Deduplicating data is a first and necessary step toward quality information with clear benefits for the organisation. It’s surprising how reluctant many businesses are to take this first step while embarking on a digital transformation strategy that demands information of the highest quality.

Comments

  1. Hi,
    working more than 10 years on SAP MDM/MDG implementation projects,
    I have met another side of data deduplicating problem.
    If we talk, let say, about material master data, the biggest problem is to find a trusted sources for items.
    Partial/short description of stock items in material master records in many cases do not allow to identify them clearly in order to remove duplicate records before MDG system becomes ready for Go&Live phase.

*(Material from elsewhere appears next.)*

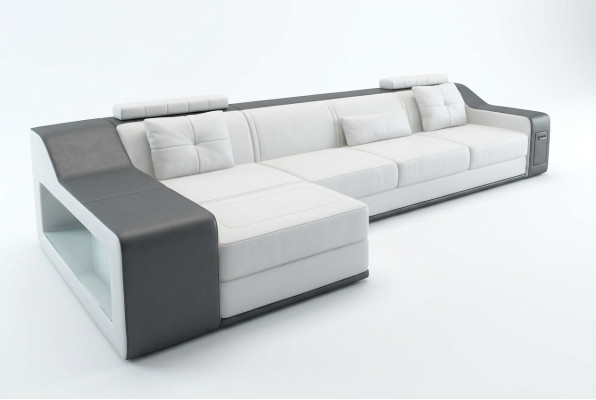 Lederen bank bank woonlandschap hoekbank hoekzitgroep design modern bankstel B2017B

    Some items are exactly identified by brand name and catalogue number, but this is best case.
    If item record is connected to ISO 22745 identifier, and appropriate properties, it also solves the problem in general.
    But some items, produced according to ASME/ASTM/DIN/ISO/etc standards, could be correctly identified using properties, defined by that standards. The problem is that sandards are provided as PDF texts rather than by form, suitable for computer processing.
    In my opinion, it would make sense to review this practice and make available more computer-friendly form of standards, for people who implement and use master data management systems.
    Standards can be represented, let say, as OWL ontologies, even if there will be paid subscription for such access instead of necessity to buy and read PDF.